DNA extraction and library preparation showed the highest degree of variation among laboratories, while different bioinformatics analysis introduced little variability.

The authors also provide guidelines for optimal use of bioinformatics protocols to mitigate this variability, such as performing relative (rather than absolute) diversity measures, phylogenetic (rather than taxonomic), and analyses and quantitative (rather than based on presence or absence) measures.

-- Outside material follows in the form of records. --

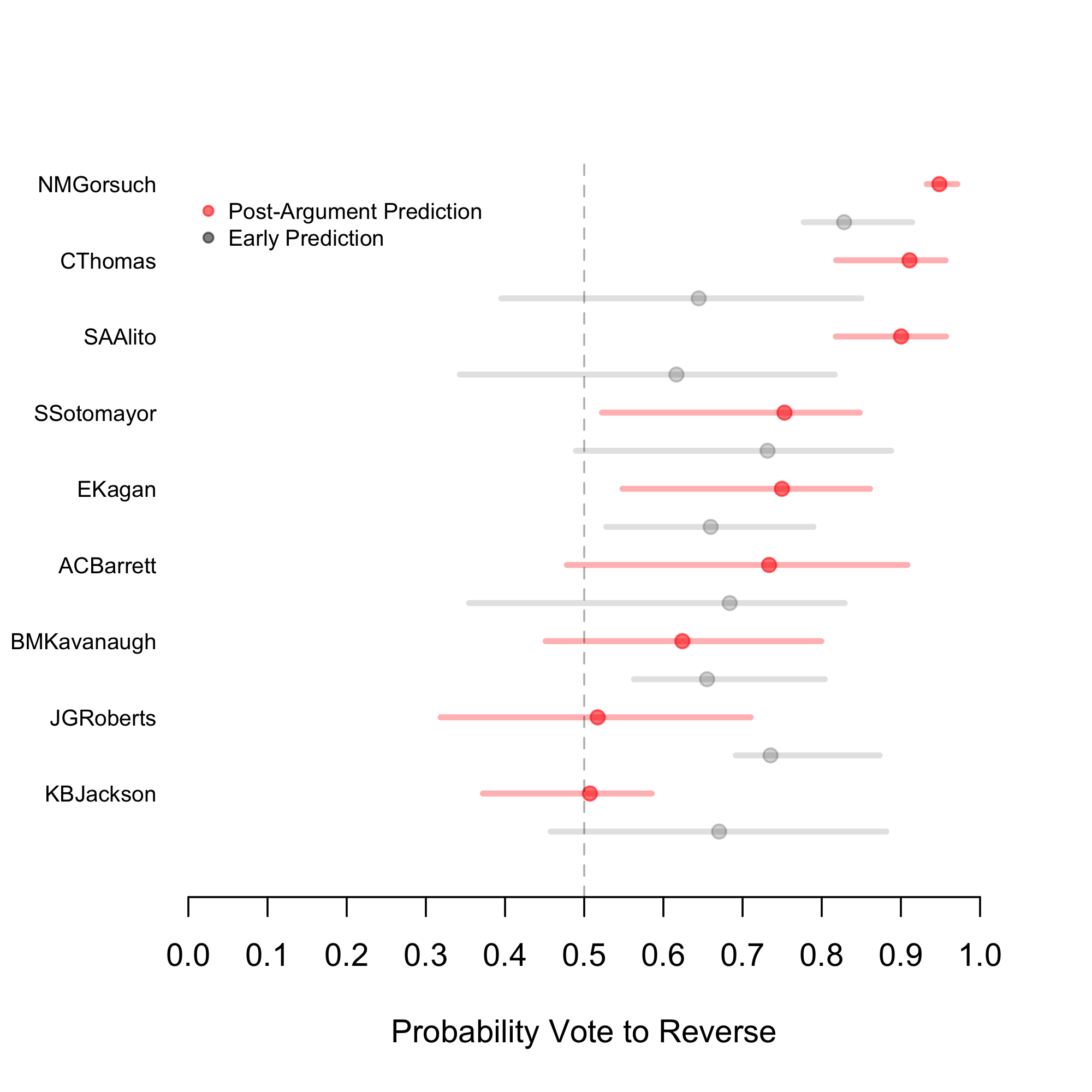 Experience-3 predictions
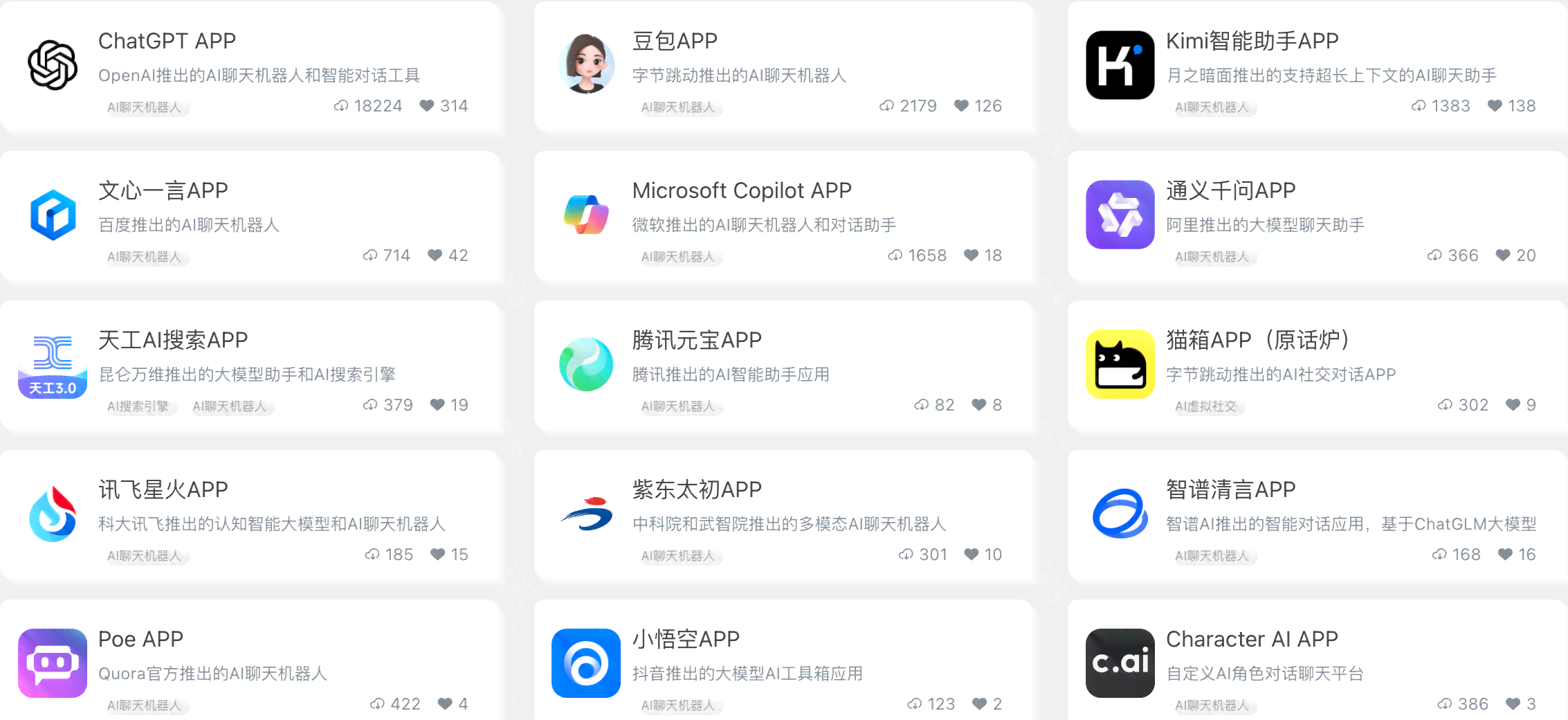 知乎仿ai创作真害吗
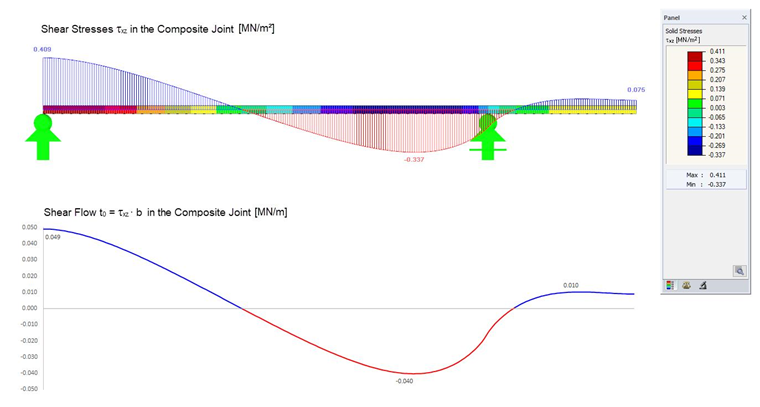 Evaluation of Shear Stresses and Shear Flow at Level of Bond Joint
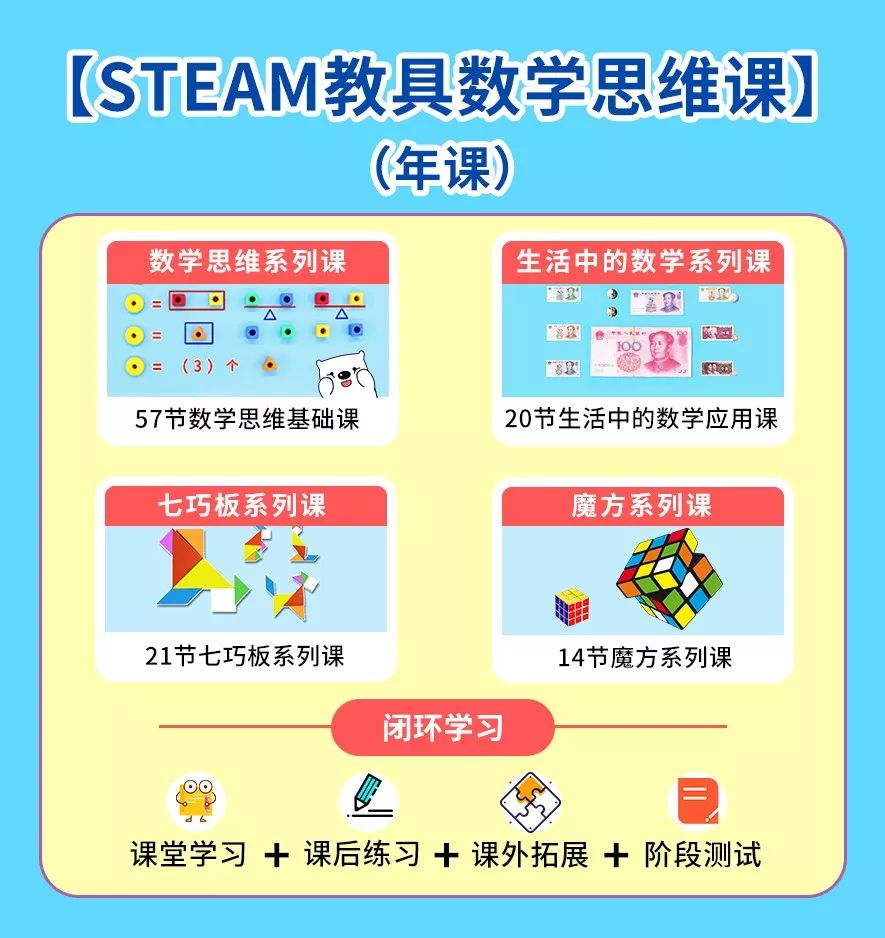 每个孩子都应该拥有的steam数学思维启蒙课,报名的父母都相见恨晚!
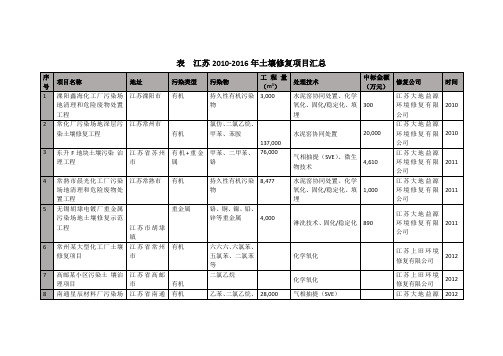 江苏省2010-2016土壤修复项目汇总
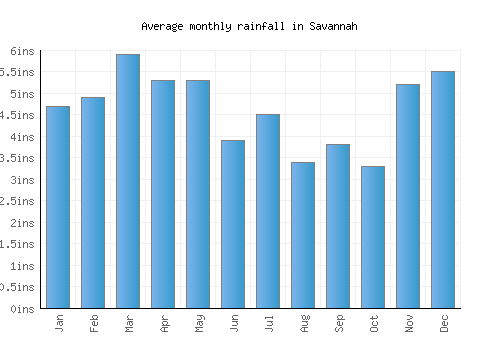 Savannah monthly rainfall chart (inches)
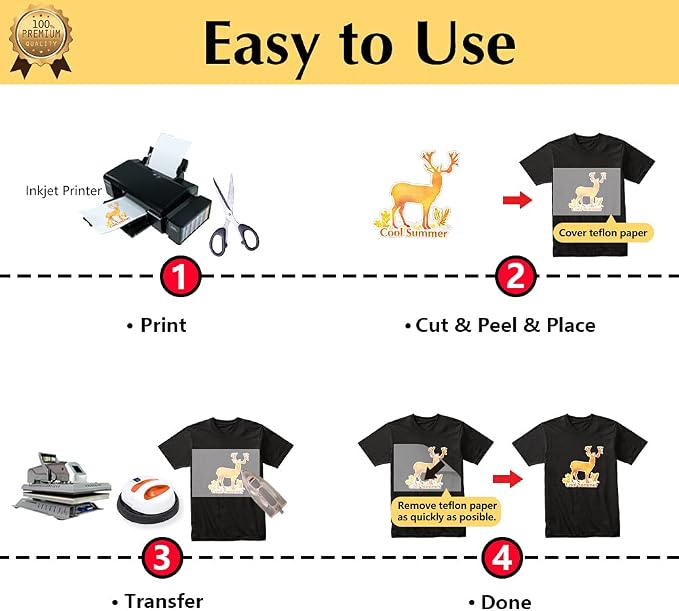 TransOurDream Glitter 3.0 Heat Transfer Paper - Image 4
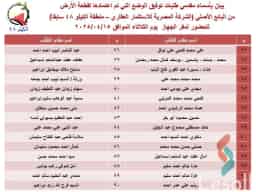 182 متر بالعبور الحديده للبيع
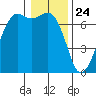 Stuart Island tide chart for Sunday, January 24, 2021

The next phase of the MBQC project will consist in carrying out systematic surveys of microbiome assay protocols, with the goal to establish a shared library of positive- and negative-control standards for different microbial habitats.

Assessing DNA extraction protocols

In a second study, Costea et al. tested 21 representative DNA extraction protocols on the same fecal samples and quantified differences in terms of microbial community composition.

The authors identified three protocols that performed better in yield and integrity of the extracted DNA, and in their ability to represent hard-to-extract Gram-positive species.

The details of these protocols, together with standard methods for sample and library preparation can be found here: http://www.microbiome-standards.org/

In this study, however, DNA extraction methods were the sole source of variation investigated. Nonetheless, this study provides a benchmark for future development of new extraction methods, as well as a set of recommendations to improve cross-study comparability.

Together, these works underline the necessity to work towards uniform and standardized protocols for microbiote study.